One advantage of C/C++ is that it is the de-facto standard, so everyone has a method to distribute application binaries compiled in those languages. But this is only a small advantage as there is still no common format: there are self-extracting installers and then a variety of package formats. MSI and PKG are fiat standards for Windows and Mac, but they have been superseded by the stores and practically for programming people use application-specific package managers that don’t interface with the OS level package managers.

Arch/pacman’s tar.xz seems fine.

Linux distribution

Once we have a package manager we can build a Linux distribution. Compared to a user-level package manager, a Linux distro package manager must be built a bit more robustly to handle crashes and allow rollbacks without breaking the system. It needs various build system hooks for dealing with tricky/non-standardized installation procedures, e.g. putting kernel/initrd images into the boot manager, building in a container with overlayfs to guard against untrustworthy packages, and using auditd to identify file dependencies in a bulletproof manner. As a basis for the distribution we can use small distros like LFS and Buildroot. It would also be good to figure out some way to import data from bigger distributions like Arch, Gentoo, or NixOS. Cross-compilation is a goal, but it isn’t strictly necessary and it’s easily broken anyways as few people use it.

The goal of the Linux distribution, compared to others, is automation and speed. The package update process will be completely automated, including checking for releases, building, and testing. And this process should be fast so new versions of packages become widely available within 24 hours of release. This allows responding to security updates with the normal update cycle.

Also, language-specific package formats and repositories have grown to be bigger than most distros, so providing easy installation of these kinds of packages is paramount. They should install via an identifier pypi:pdfminer.six or URL https://pypi.org/project/pdfminer.six/ and not need any manual build instructions. Of course C/C++ projects will still need a machine-readable version of the dependency information and custom build systems will need manual build scripts to interface with them.

Upgrade cycle

A package has various versions. It also depends on other packages which can themselves be various versions.

In a perfect world we would simply use the latest “blessed” version of each package and they would all be compatible with each other. But there will inevitably be incompatible packages. Automated testing and manual marking will produce a list of breakages, of the form “combination A-2 B-2 C-2 fails”.

Breakages can be resolved in two ways: either release new package versions that are compatible, or use old versions that work together. New versions are long-term the best solution but require patch-writing, so cannot be automated. Hence in the short term the only solution for a distro is to package old versions.
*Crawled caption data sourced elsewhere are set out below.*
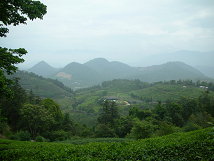 良好的茶園休閒環境(王孟瑜攝)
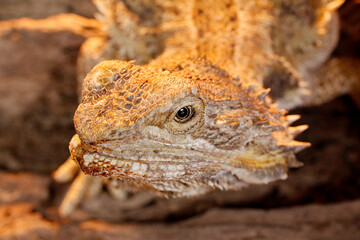 close up of a bearded dragon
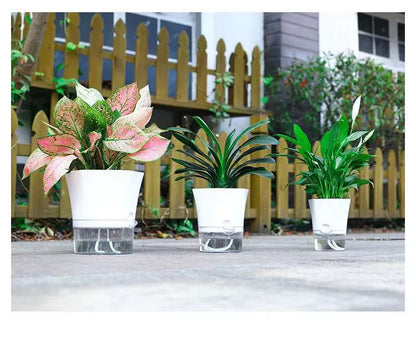 Modern Hexagon Self-Watering Plant Pot – Sylish Geometric Design | Plant Mate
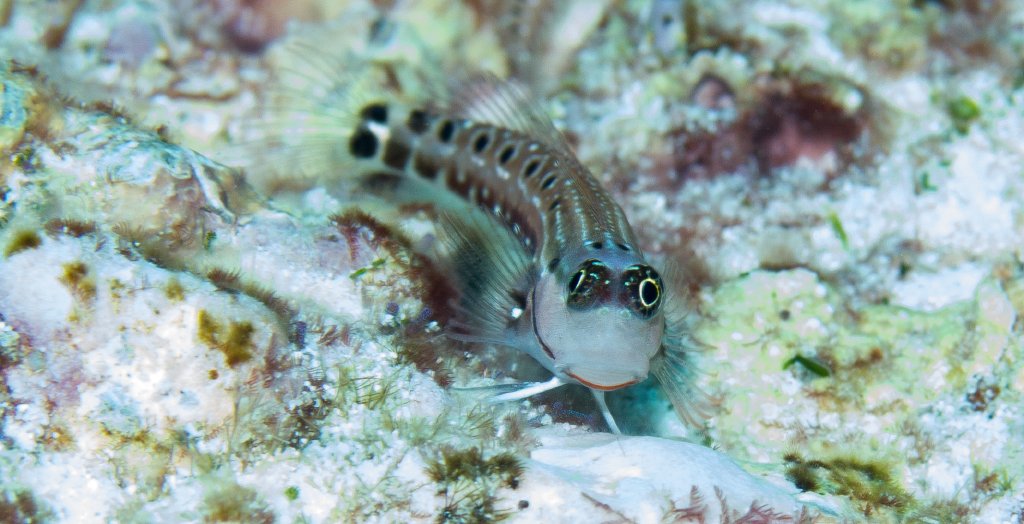 Ocular Combtooth Blenny
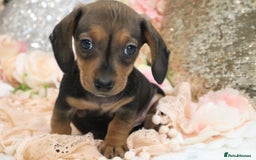 Miniature Dachshund dogs for sale: KC Registered Miniature Dachshund Puppies - Image 19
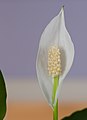 * Nomination Flower of Spathiphyllum as indoor plant --Tuxyso 11:34, 3 August 2013 (UTC) * Promotion Good Quality --Rjcastillo 13:35, 3 August 2013 (UTC)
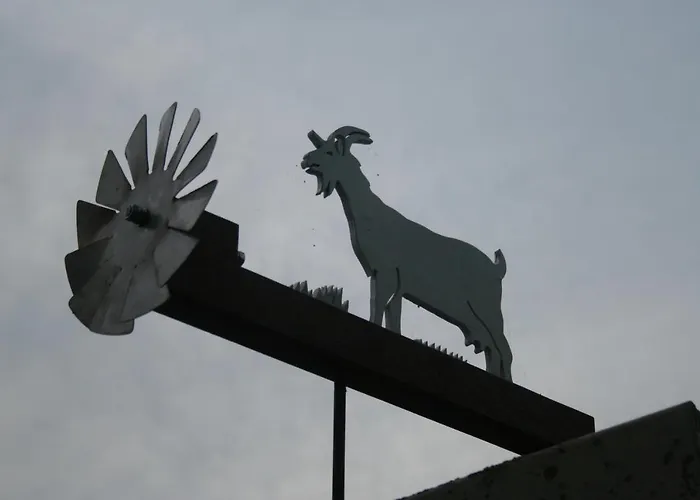 Grutterai * Slootdorp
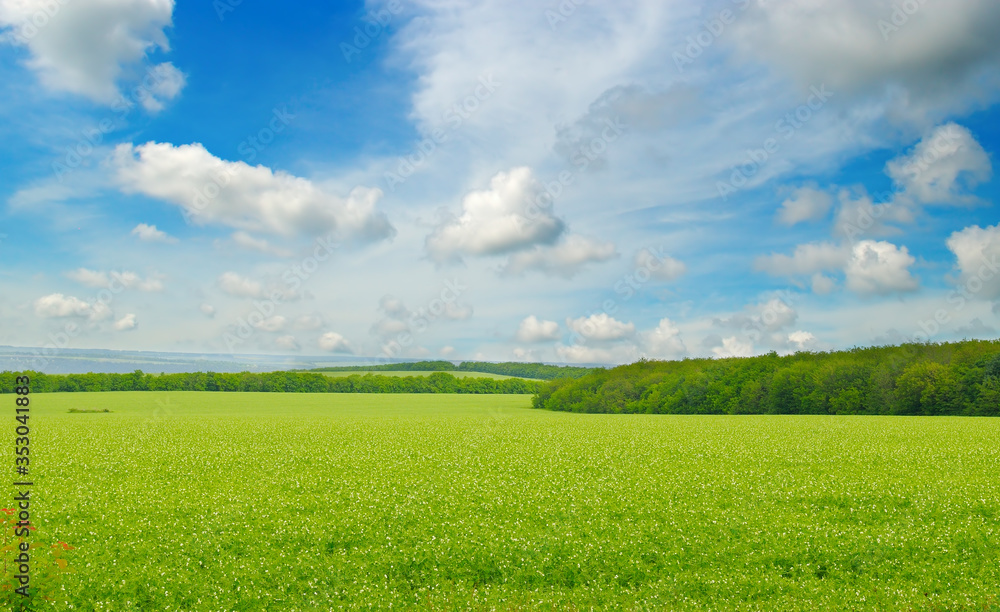 Green field and blue sky with light clouds. Green field and blue sky with light clouds.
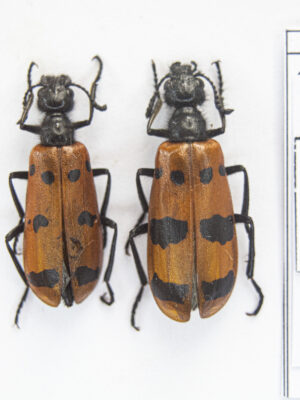 Mylabris calida (Pallas, 1782) #13679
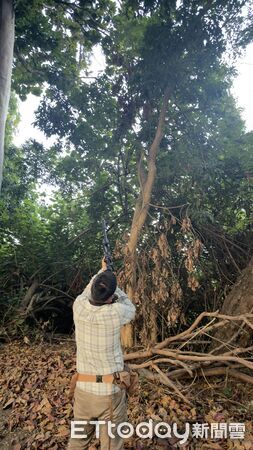 ▲台南永康祥合公園出沒的體長超過一公尺的金黃色巨無霸綠鬣蜥，與另一隻體色暗深色的同體型綠鬣蜥一起落網。（台南市農業局提供，下同）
Packaging old versions can be handled in two ways. The traditional way is that a dependency can only have one installed version, and we have to use a solver to find a version that is compatible with all applications. But often there is no solution - e.g. python cannot be both Python 2 and Python 3, so the packages using Python are split into two incompatible sets and one cannot mix them on a system. With side-by-side dependencies, the dependency lookup is modified to use additional data so that one application can use version A of a dependency and another application can use version B of a dependency in the same installation. E.g. applications lookup python2 and python3.

Versioned paths

There are some filesystem convention/naming issues. Clearly the distro should package multiple versions of various libraries. The key question is where to store them. For a basic path like /usr/share/foo/img.jpg, we can put a hash HASH in various places:

  1. /usr/lib/libfoo.so.HASH.1 or /usr/lib/libfoo.so.1.HASH (filename version)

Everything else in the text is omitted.